4. Das Urteil stellt sich jedoch aus anderen Gründen als richtig dar (§ 561 ZPO).

Nach den Feststellungen des Landesarbeitsgerichts steht fest, dass der Kläger ab dem 1. März 2003 nicht leistungsbereit war. Die Beklagte befand sich deshalb im gesamten Streitzeitraum nicht in Annahmeverzug.

a) Annahmeverzug des Arbeitgebers ist ausgeschlossen, wenn der Arbeitnehmer nicht leistungsfähig oder nicht leistungswillig ist, § 297 BGB. Die in § 297 BGB nicht ausdrücklich genannte Voraussetzung der Leistungswilligkeit ergibt sich daraus, dass ein leistungsunwilliger Arbeitnehmer sich selbst außer Stande setzt, die Arbeitsleistung zu bewirken. Die subjektive Leistungsbereitschaft ist eine von dem Leistungsangebot und dessen Entbehrlichkeit unabhängige Voraussetzung, die während des gesamten Verzugszeitraums vorliegen muss (BAG 19. Mai 2004 - 5 AZR 434/03 - AP BGB § 615 Nr. 108 = EzA BGB 2002 § 615 Nr. 6, zu II 2 a der Gründe; 24. September 2003 - 5 AZR 591/02 - EzA BGB 2002 § 615 Nr. 5, zu B I der Gründe).

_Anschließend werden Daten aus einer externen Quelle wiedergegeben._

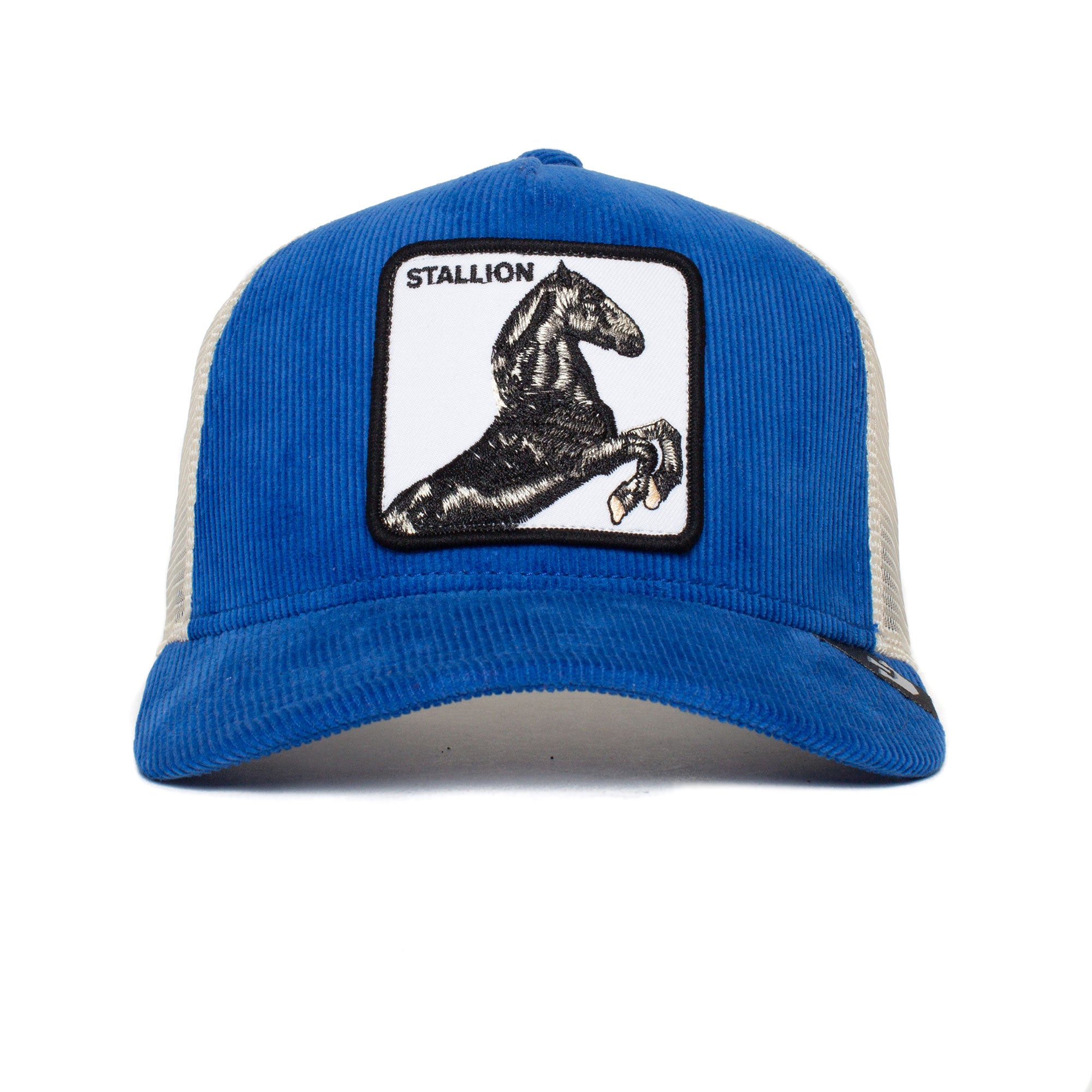 Goorin Bros Trucker Cap Sly Stallione – Goorin Bros Deutschland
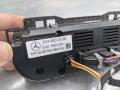 блок управления печки / климат-контроля Mercedes-Benz C-Класс W204/S204 W204 2009, 3.0 л., M 272.948, бензин, A2048300590 - фото №2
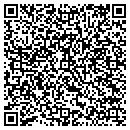 QR code with Hodgmans Inc contacts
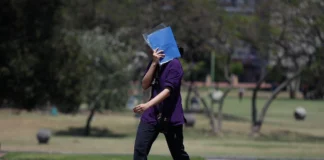 Aumentan a 36 los decesos por temporada de calor: Ssa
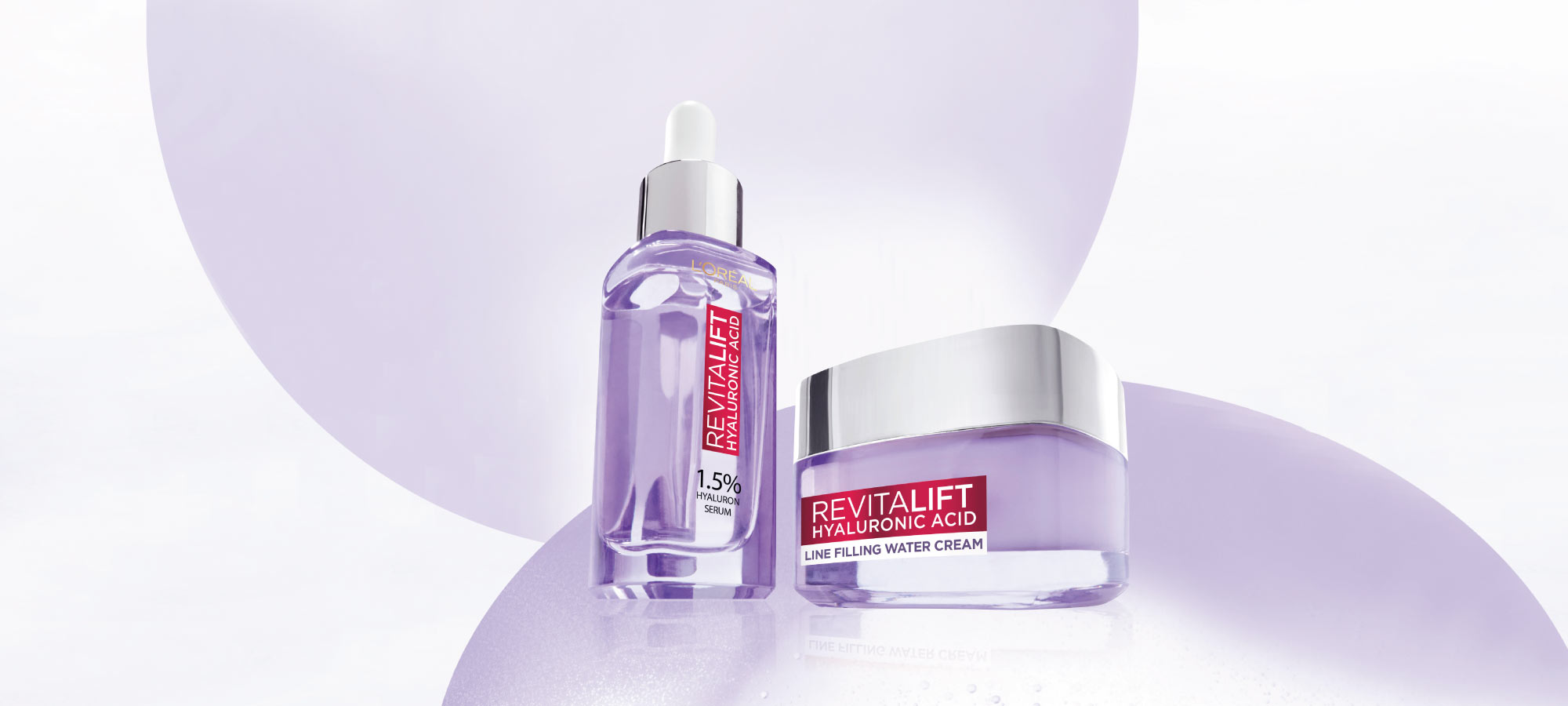 ดูแลผิว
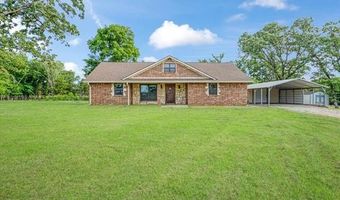 7939 W G Bar Rd, Atoka, OK 74525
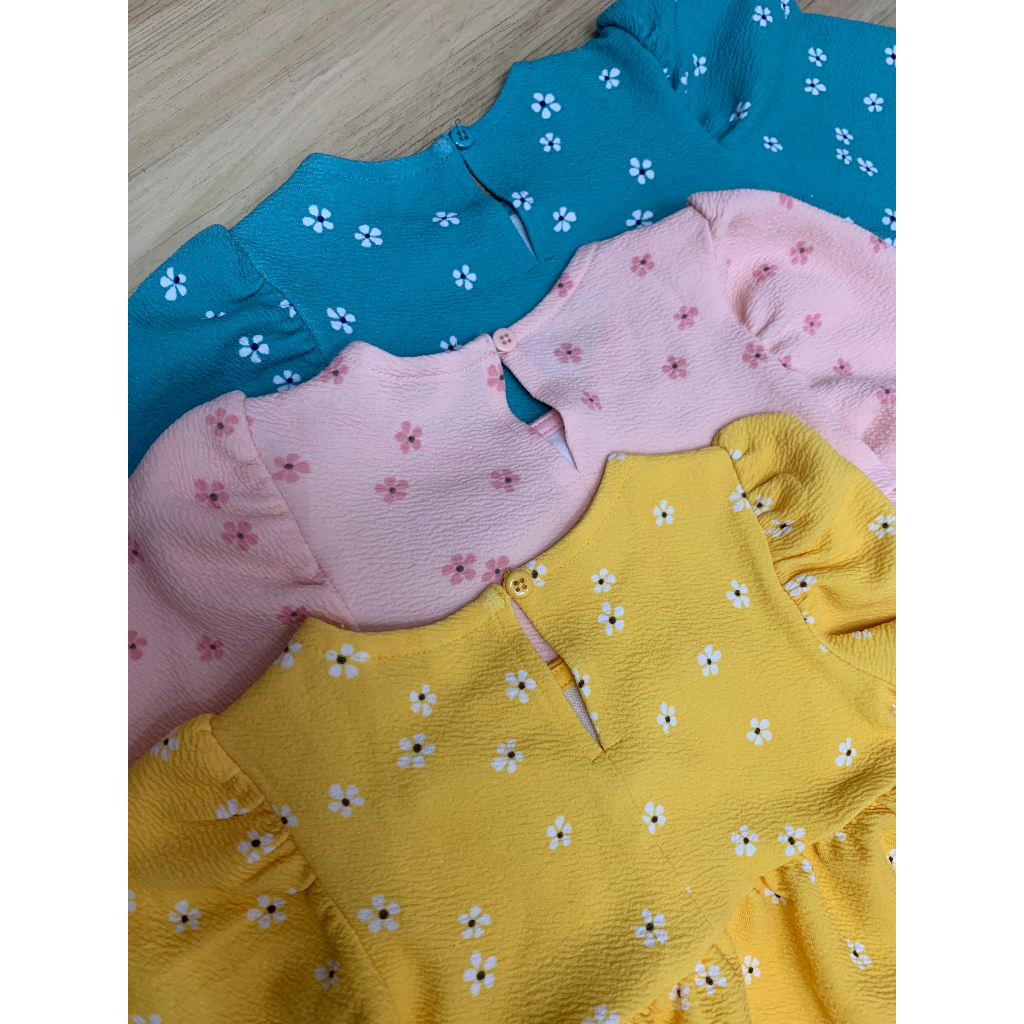 Váy GJ bé gái dư xịn 12m-8y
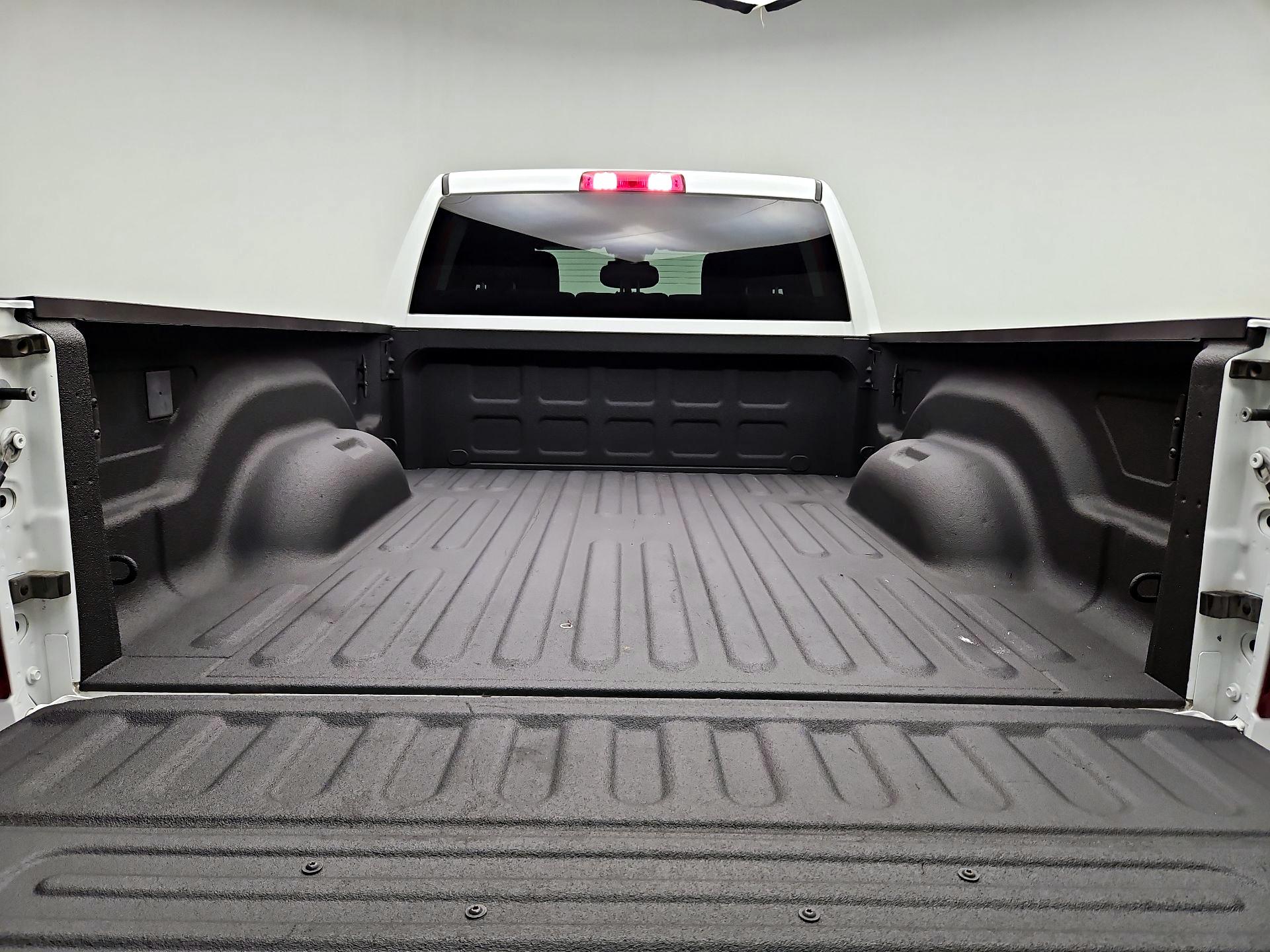 Thumbnail: 2022 RAM 2500 - 20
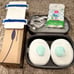 Willow Go Breast Pump Bundle / Breastmilk Bags / Milk Flatner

b) Das Erfordernis der Leistungsbereitschaft bezieht sich auf die vertraglich vorgesehene Tätigkeit. Es muss unabhängig von der den Annahmeverzug begründenden Kündigung die Bereitschaft bestehen, die betreffende Arbeit bei dem Vertragspartner zu den vertraglichen Bedingungen zu leisten. Der Leistungswille ist tatsächlicher Natur; er ist nicht notwendig auf die Erfüllung des Vertragsverhältnisses gerichtet. Der Leistungsbereitschaft steht entgegen, wenn der Arbeitnehmer die Forderung nach einem Verzicht auf die Wirkungen der Kündigung zur Bedingung der Arbeitsaufnahme macht. Der Arbeitnehmer hat kein berechtigtes Interesse daran, bei einer Ungewissheit über die Wirksamkeit der Kündigung seine Arbeitsbereitschaft davon abhängig zu machen, dass der Arbeitgeber seinen Rechtsstandpunkt insgesamt aufgibt. Bietet der Arbeitgeber trotz einer Kündigung der Art nach vertragsgemäße Arbeit an, kann die fehlende Leistungsbereitschaft des Arbeitnehmers deutlich werden, auch wenn der Arbeitgeber die Kündigung nicht "zurücknimmt".

c) Im Streitfall ist die fehlende Leistungsbereitschaft des Klägers dadurch zum Ausdruck gekommen, dass der Kläger das Arbeitsangebot der Beklagten abgelehnt hat. Das Landesarbeitsgericht hat ausgeführt, der Kläger habe eine Arbeitsleistung nur erbringen wollen, wenn die Beklagte auf die gerichtliche Durchsetzung ihrer ordentlichen Kündigung verzichte. Damit hat es die fehlende Leistungsbereitschaft festgestellt.

Die Bemerkung des Landesarbeitsgerichts an anderer Stelle, Leistungsbereitschaft könne im Grundsatz nicht verneint werden, da der Kläger nicht verpflichtet gewesen sei, ohne vorherige Rücknahme der Kündigung bei der Beklagten zu arbeiten, steht dem nicht entgegen. Es handelt sich hier nicht um eine Tatsachenfeststellung, sondern um die unrichtige rechtliche Beurteilung, Leistungsbereitschaft setze eine Verpflichtung zur Arbeit voraus. Der Kläger hat gegenüber dem Einwand mangelnder Leistungsbereitschaft nicht vorgetragen, er habe nach der Ablehnung des Angebots seine Leistungsbereitschaft zu einem späteren Zeitpunkt wieder hergestellt, indem er die Arbeitsleistung wieder angeboten habe. Die fehlende Leistungsbereitschaft hat damit die außerordentliche Kündigung vom 4. März 2003 überdauert und bis zum 15. Mai 2003 fortbestanden.

III. Der Kläger hat gem. § 97 Abs. 1 ZPO die Kosten seiner erfolglosen Revision zu tragen.